A few weeks ago when I stopped by the Farmer's Market in Hoboken, I stopped by a table I hadn't seen before. Though the market had been opened earlier, it was my first day back since last year when they ended the season around Thanksgiving, so I asked the woman at the table if she was new or if I just hadn't seen her before. She said she had been there last year, but towards the end, and that they had also begun to do delivery orders over the months when the market was not open. The reason I was so excited was that she was selling mushrooms, which I love, and not just any mushrooms. The mushrooms on her table were so beautiful they looked like precious treasure.
I had just been thinking a few days before how much I missed Balducci's, one of the old stores I used to shop at when I lived in Manhattan. They had the most beautiful mushrooms year round, all different wonderful seasonal varieties of the most special kinds. But even though I do still shop sometimes in Manhattan, the Balducci's I used to shop at was closed a number of years ago, and though there are other places I've tried, I haven't been able to find another that was quite as wonderful. When I was thinking about Balducci's, the things I was really thinking about were the wonderful mushrooms, and because I've started to go back into Manhattan much more often these days, I thought that I'd have to start looking for a new place to find them. But then I walked by this beautiful woman's table full of the loveliest mushrooms I've ever seen, and now I have a place to explore and try new varieties I hadn't ever heard about.

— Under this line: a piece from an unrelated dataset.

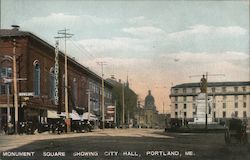 Monument Square showing City Hall Postcard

The first week I decided on two packages, one with "a little bit of everything" as the woman selling them described it, and another that just had pink oyster mushrooms in it. I couldn't resist them because they were so beautiful, and I really wanted to buy everything on the table, but I knew I couldn't eat them all in the rather short shelf life mushrooms have, so in order to keep them fresh I just decided on the two boxes. But I'll be back for more as often as I am able. These mushrooms or fungi as she called them are treasures of the earth that are a precious gift to have and be able to add to the bounty of a table.